Taylor-Reed Corporation
- Industry: Food processing
- Founded: 1939
- Defunct: 1980
- Headquarters: Stamford, Connecticut Mamaroneck, New York
- Products: Food

= Taylor-Reed Corporation =

The Taylor-Reed Corporation was an American food manufacturer and packager that operated from 1939 to approximately 1977. It was founded by two Yale classmates (class of 1933), Malcolm P. Taylor (1911-2000) and Charles M. D. Reed (1911-2008), who had worked together on the campus humor magazine The Yale Record. Initially headquartered near Taylor's home in Mamaroneck, New York, the company soon moved operations a few miles away to Crescent Street in Glenbrook, Connecticut, a light-industrial and residential section of Stamford in Fairfield County, Connecticut.

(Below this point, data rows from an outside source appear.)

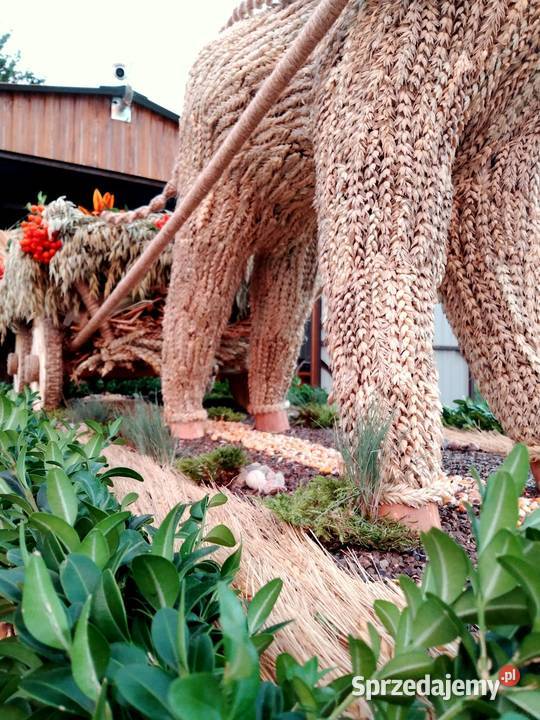 Wieniec dożynkowy koń z wozem Olempin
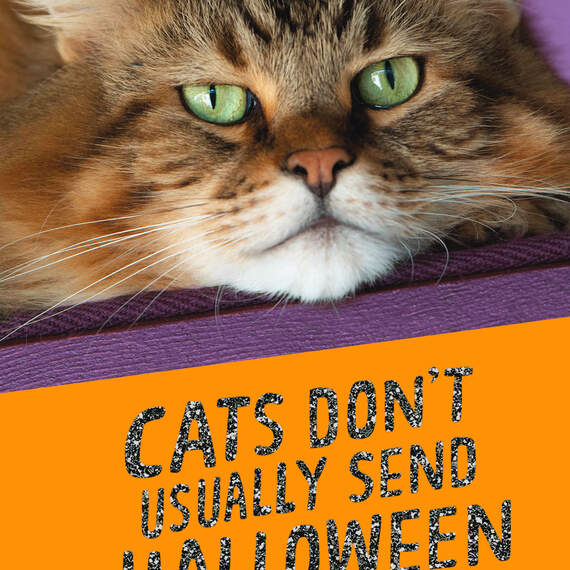 How Much I Love You Funny Halloween Card from the Cat, , large image number 4
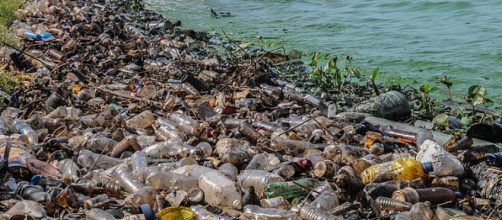 Plastic contamination in Estado Zulia Venezuela, the biggest lake of South America. - [Image credit The Photographer, Wikimedia Commons]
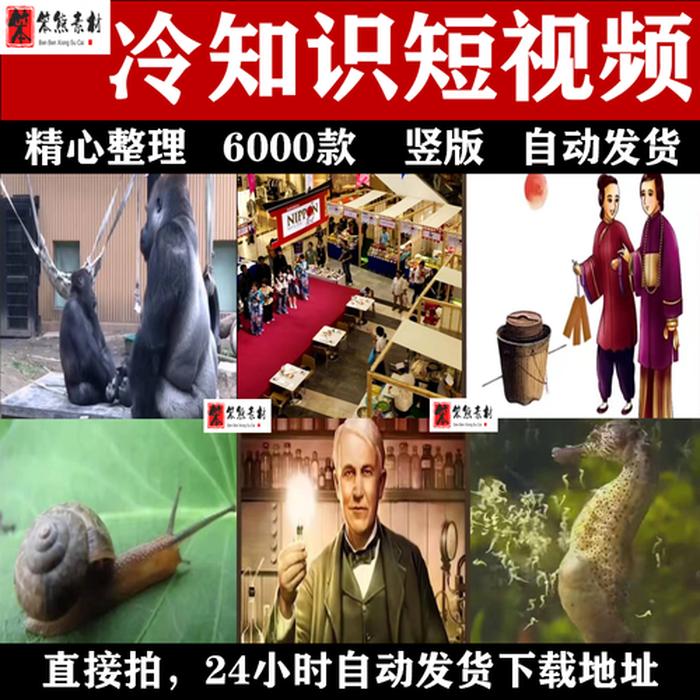 科普视频素材怎么找 做视频怎么找素材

Taylor-Reed specialized in a handful of consumer snack products, notably Cocoa Marsh which they called a "milk amplifier" or "milk booster" and E-Z Pop popcorn. It also manufactured Q-T Instant cake frosting and a variety of bulk institutional foods.

== Cocoa Marsh ==
During its early years, Taylor-Reed's main line of business was packaging sugar and chocolate rations for the War Department. In the postwar years, the company's best-known product was Cocoa Marsh chocolate syrup, which advertised heavily on children's programming in the New York City television market during the 1950s and 1960s. For many years the Taylor-Reed plant, with its Cocoa Marsh billboard ("Be strong as a lion!") was a familiar landmark by the Glenbrook station on the New Haven Railroad.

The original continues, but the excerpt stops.